PROBLEM STATEMENT: Word for word, copy the listing below and leave out its images.

DATA EXCERPT:
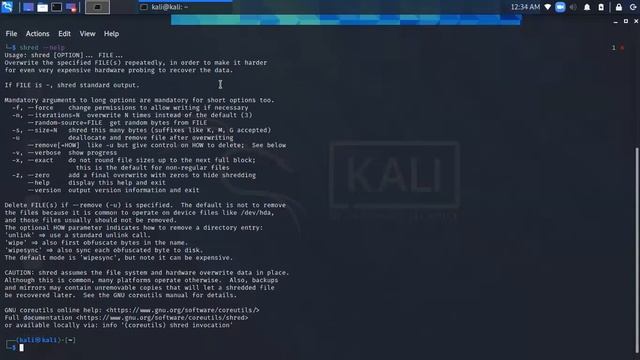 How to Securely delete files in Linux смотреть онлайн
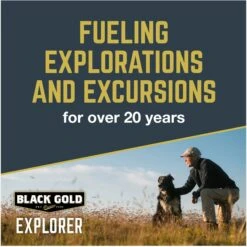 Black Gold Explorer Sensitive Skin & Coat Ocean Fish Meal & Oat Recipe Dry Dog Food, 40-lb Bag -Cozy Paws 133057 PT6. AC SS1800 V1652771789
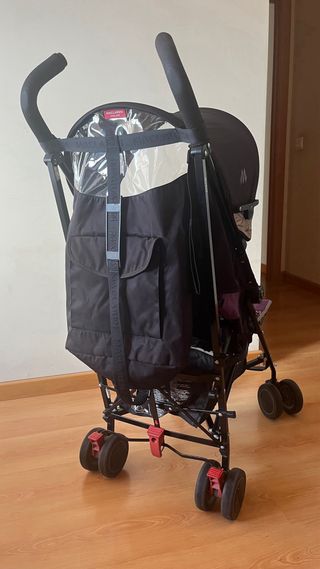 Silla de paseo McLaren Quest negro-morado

SOLVED PROBLEM:
 How to Securely delete files in Linux смотреть онлайн
 Black Gold Explorer Sensitive Skin & Coat Ocean Fish Meal & Oat Recipe Dry Dog Food, 40-lb Bag -Cozy Paws 133057 PT6. AC SS1800 V1652771789
 Silla de paseo McLaren Quest negro-morado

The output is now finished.